CLEVELAND -- On the day he claims the presidential nomination of Abraham Lincoln's political party, Donald Trump has started things off with social-media missiles fired against the embarrassed losers still refusing to back him.

The prelude to the prime-time moment where he will accept the Republican nomination included tweeting at the people who have withheld endorsements of him -- a group that includes the two president Bushes, nominee Mitt Romney, the popular governor of the state hosting the convention, and the No. 2 finisher in the primaries.

It was the latter holdout making all the waves at the Republican convention. When Sen. Ted Cruz urged the audience to simply vote its conscience in November, the site erupted in loud boos and scattered applause.

So Trump took a shot at Cruz. He pointed out the high-stakes battle for control of the Supreme Court, which Trump said should unite the party: "Ted Cruz talks about the Constitution but doesn't say that if the Dems win the Presidency, the new JUSTICES appointed will destroy us all!"

Then he expanded the radius of those he criticized: "Other than a small group of people who have suffered massive and embarrassing losses, the party is VERY united. Great love in the arena!"

There's certainly overwhelming support for Trump at the convention. But numerous delegates also expressed lingering doubts about his conservative convictions and their distaste for his personal comportment.

It's the personal issues Cruz referred to when asked Thursday why he didn't clearly state his support for Trump in his late-evening address.

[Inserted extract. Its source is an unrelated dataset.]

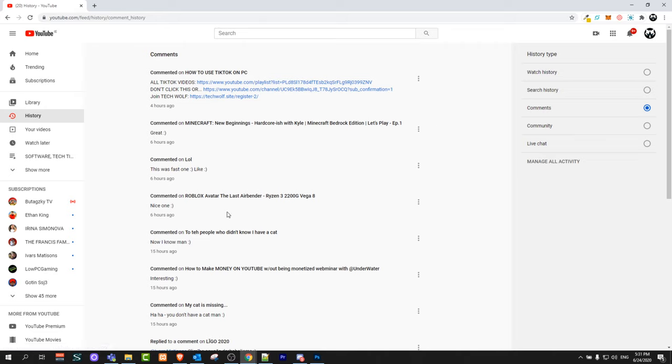One thing guys about this is that these comments are updating only about four or five hours after you have commented them. They don't appear here straight away when you are making that comment.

He referred to Trump attacking his relatives during the primaries: he shared a social-media post insulting Cruz's wife's looks, spread a National Enquirer article about marital infidelity, and insinuated Cruz's father may have been linked to JFK's assassination.

"If you go and slander and attack Heidi... I'm (not) going to nonetheless come like a servile puppy dog and say, 'Thank you very much for maligning my wife and maligning my father,"' he said.

He said he'd put aside his own ill will and reluctantly come to the convention and speak in support many of Trump's policies, while criticizing his opponent Hillary Clinton, despite the fact that he never got an apology for the things Trump did.

He also criticized the angry reaction from the convention floor.

"What does it say when you stand up and say, 'Vote your conscience,' and rabid supporters of our nominee begin screaming, 'What a horrible thing to say'?" If we're not voting our conscience," Cruz said, "then we are not going to win and we don't deserve to win."

Commentators suggested the ill-timed spat might damage Cruz's long-standing dream of becoming president. One called it, "The longest suicide note in American political history."

Trump supporter Ann Coulter tweeted a joke referring to the senator's Calgary birthplace. "Last night, Cruz showed that he's earned a leading role in the nation's political future. And that nation is Canada."

Five Cruz supporters interviewed at the convention said they intended to vote for Trump. Four of them said they weren't thrilled. But Jeanie Turk said she's enthusiastically made the switch.

"Anybody that has any brain power at all is gonna get behind the Trump train," said the member of the Texas delegation. She said people who had doubts about the Bushes and Romney put them aside, and now it's time to do the same for Trump.